Die (vor allem politischen) Überlebenden der Konzentrationslager kämpften um ein Gedenken, das der deutschen Bevölkerung dauerhaft vor Augen führen sollte, wovor sie zwölf Jahre lang die Augen verschlossen gehalten hatte. Dieses Gedenken sollte moralisch grundiert sein und einen Läuterungsweg darstellen. So ist auch heute noch das Internationale Mahnmal zu lesen, das auf dem früheren Appellplatz in der KZ-Gedenkstätte Dachau steht. Der Schwur „Nie wieder“ galt für politische, rassische und religiöse Verfolgung. Gesellschaftliche Außenseiter bliebe jedoch gesellschaftliche Außenseiter und etliche andere Gruppen wie etwa Homosexuelle hatten im Gedenkkanon keinen Platz. So lautete letztlich die Begründung des Comité International de Dachau (CID) für die Ablehnung der Anbringung eines symbolischen rosa Winkels am Internationalen Mahnmal (1968). Er fehlt bis heute – und das ist heute für die Referenten und Referentinnen der Gedenkstätte Anlass, die Besucher auf die Leerstelle (das ist sie im wahrsten Sinne des Wortes, denn das bereits von der Künstlerin installierte Metalldreieck blieb leer) hinzuweisen.

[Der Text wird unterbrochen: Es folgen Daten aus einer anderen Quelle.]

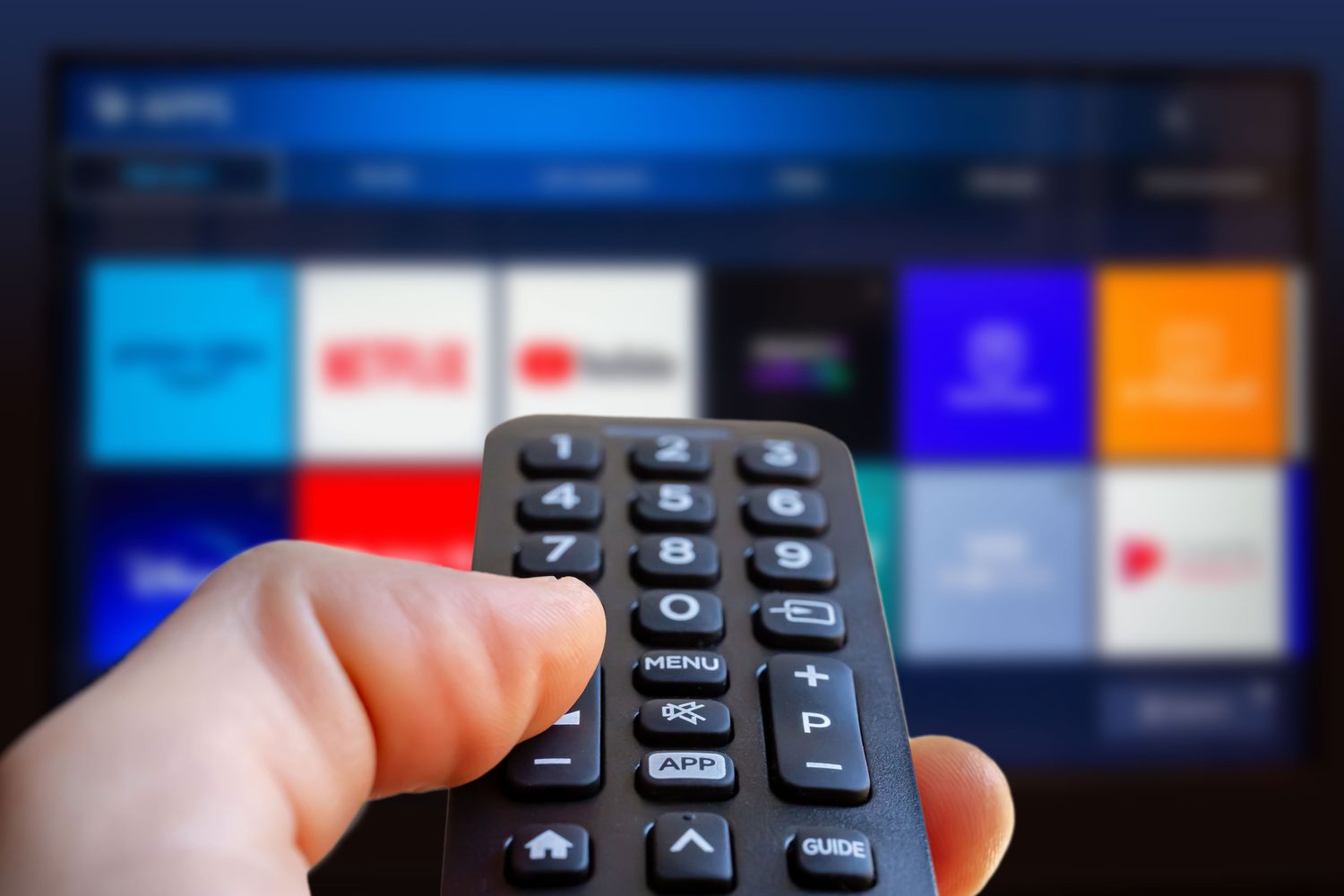 A person is holding a remote control of a smart TV in his hand.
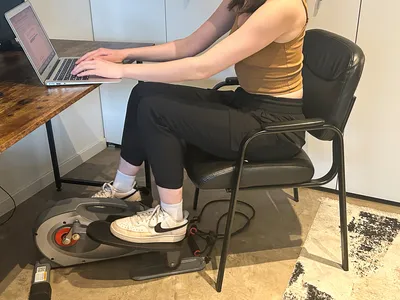 A person sits in a chair while using the Sunny Health & Fitness Smart Stand/Sit Mini Elliptical Exercise Trainer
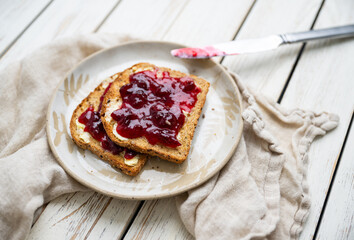 Whole Grain Toast with Cranberry Jam on Top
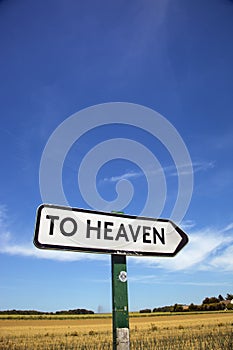 In the countryside a road sign with the inscription heaven.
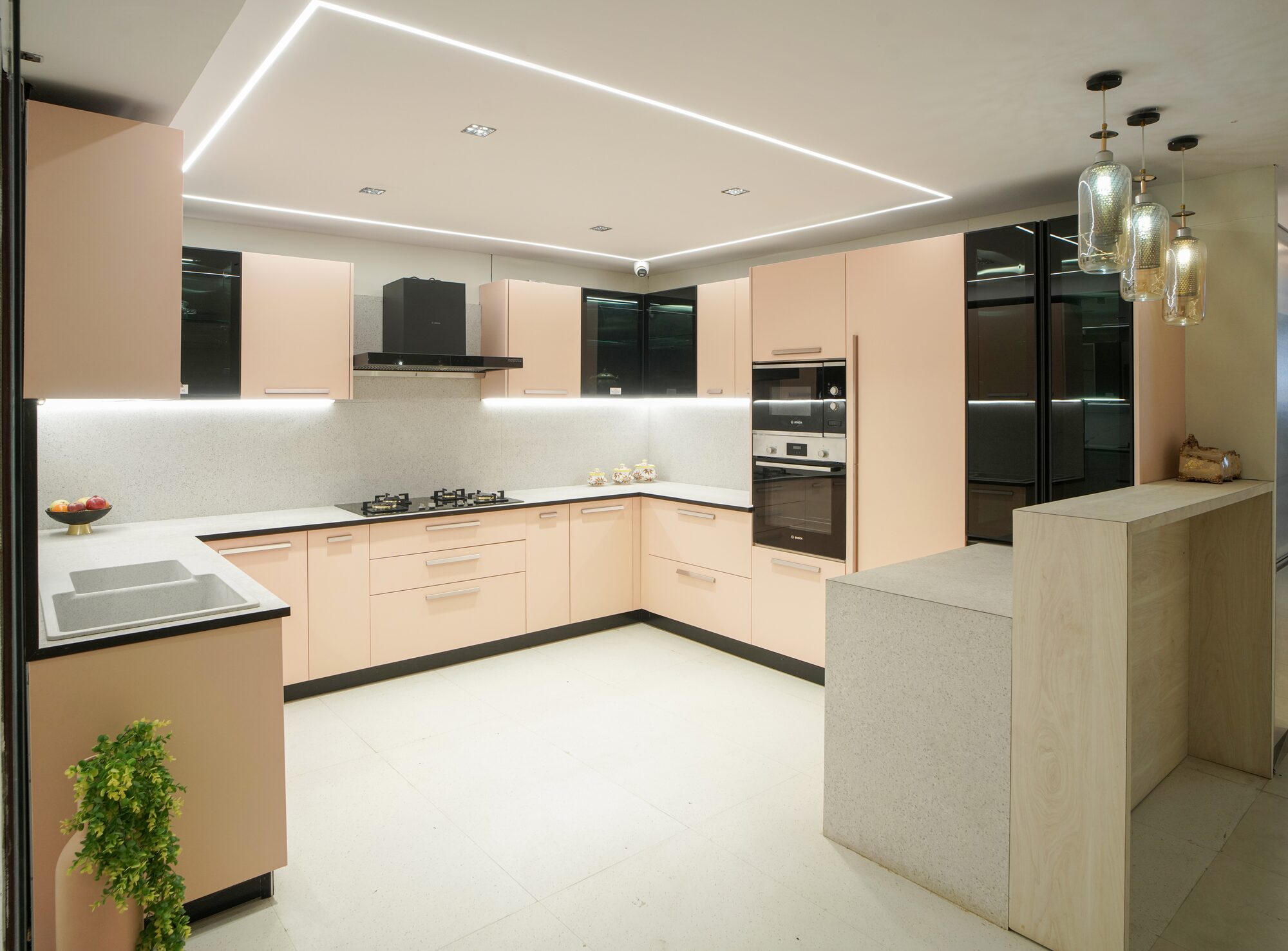 Blush pink gloss modular kitchen by Duchess Cocina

Seit den 1980er Jahren nahm langsam auch die neu etablierte homosexuelle Szene Kenntnis von dieser Situation und begann die einstmalige Ausgrenzung umzuwandeln. Aus „schwule Sau“ wurde „schwuler Stolz“ und der rosa Winkel wurde in ein Symbol verwandelt, mit dem einem reformunwilligen Staat vor Augen geführt wurde, dass der § 175 immer noch existierte und gesellschaftliche Ausgrenzung immer noch funktionierte. Sticker, Plakate, Transparente aus den 1980er und 1990er Jahren zeigen deutlich eine Dominanz des Rosa-Winkel-Symbols, der dann später von der Regenbogenflagge abgelöst wurde. Der Kampf um die Aufstellung eines Rosa-Winkel-Gedenksteins verlief in keiner anderen Gedenkstätte als in Dachau so heftig und so langwierig.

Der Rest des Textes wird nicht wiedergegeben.